(Source data)
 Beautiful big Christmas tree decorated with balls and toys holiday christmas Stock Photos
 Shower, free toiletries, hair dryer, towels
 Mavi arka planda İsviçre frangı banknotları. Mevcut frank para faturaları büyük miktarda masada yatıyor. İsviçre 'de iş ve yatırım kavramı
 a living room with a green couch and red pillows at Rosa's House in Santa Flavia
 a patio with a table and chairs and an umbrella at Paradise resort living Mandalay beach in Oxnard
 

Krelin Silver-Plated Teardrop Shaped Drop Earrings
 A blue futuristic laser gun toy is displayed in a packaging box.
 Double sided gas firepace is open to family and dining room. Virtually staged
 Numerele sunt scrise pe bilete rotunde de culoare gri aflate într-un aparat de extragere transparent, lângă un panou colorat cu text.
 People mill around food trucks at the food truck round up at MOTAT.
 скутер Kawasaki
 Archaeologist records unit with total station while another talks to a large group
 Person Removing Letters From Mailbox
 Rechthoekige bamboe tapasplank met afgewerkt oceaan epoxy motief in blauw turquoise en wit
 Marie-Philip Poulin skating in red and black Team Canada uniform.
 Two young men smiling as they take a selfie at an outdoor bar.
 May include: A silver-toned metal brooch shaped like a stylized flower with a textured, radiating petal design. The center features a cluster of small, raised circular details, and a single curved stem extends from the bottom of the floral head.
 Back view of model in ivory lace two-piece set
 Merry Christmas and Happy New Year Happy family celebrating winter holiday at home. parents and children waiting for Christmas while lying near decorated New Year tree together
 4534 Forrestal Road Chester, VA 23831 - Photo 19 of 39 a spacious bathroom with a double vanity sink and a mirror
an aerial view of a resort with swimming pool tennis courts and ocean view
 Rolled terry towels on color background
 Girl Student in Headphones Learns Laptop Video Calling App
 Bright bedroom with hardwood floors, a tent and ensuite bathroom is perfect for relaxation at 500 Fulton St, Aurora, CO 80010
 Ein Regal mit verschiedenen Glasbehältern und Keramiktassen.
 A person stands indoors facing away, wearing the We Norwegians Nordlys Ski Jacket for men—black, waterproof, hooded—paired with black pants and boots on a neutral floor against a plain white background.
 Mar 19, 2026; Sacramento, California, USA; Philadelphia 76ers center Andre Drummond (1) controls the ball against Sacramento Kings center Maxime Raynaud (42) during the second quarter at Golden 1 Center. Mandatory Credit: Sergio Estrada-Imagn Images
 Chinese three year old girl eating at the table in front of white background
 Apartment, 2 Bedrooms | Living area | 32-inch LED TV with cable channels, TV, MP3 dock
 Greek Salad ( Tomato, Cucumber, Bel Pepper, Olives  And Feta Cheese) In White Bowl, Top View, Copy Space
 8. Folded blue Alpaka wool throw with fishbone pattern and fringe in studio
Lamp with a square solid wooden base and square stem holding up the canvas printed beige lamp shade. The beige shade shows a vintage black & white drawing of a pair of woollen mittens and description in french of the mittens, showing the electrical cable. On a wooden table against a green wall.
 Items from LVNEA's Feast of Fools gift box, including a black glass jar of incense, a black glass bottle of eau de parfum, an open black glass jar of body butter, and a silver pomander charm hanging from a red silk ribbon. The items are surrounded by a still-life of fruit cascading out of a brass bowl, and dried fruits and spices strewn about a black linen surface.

▶ [YOUR TASK] Repeat the entries verbatim through the line with "a living room".

▶ [TASK OUTPUT]
 Beautiful big Christmas tree decorated with balls and toys holiday christmas Stock Photos
 Shower, free toiletries, hair dryer, towels
 Mavi arka planda İsviçre frangı banknotları. Mevcut frank para faturaları büyük miktarda masada yatıyor. İsviçre 'de iş ve yatırım kavramı
 a living room with a green couch and red pillows at Rosa's House in Santa Flavia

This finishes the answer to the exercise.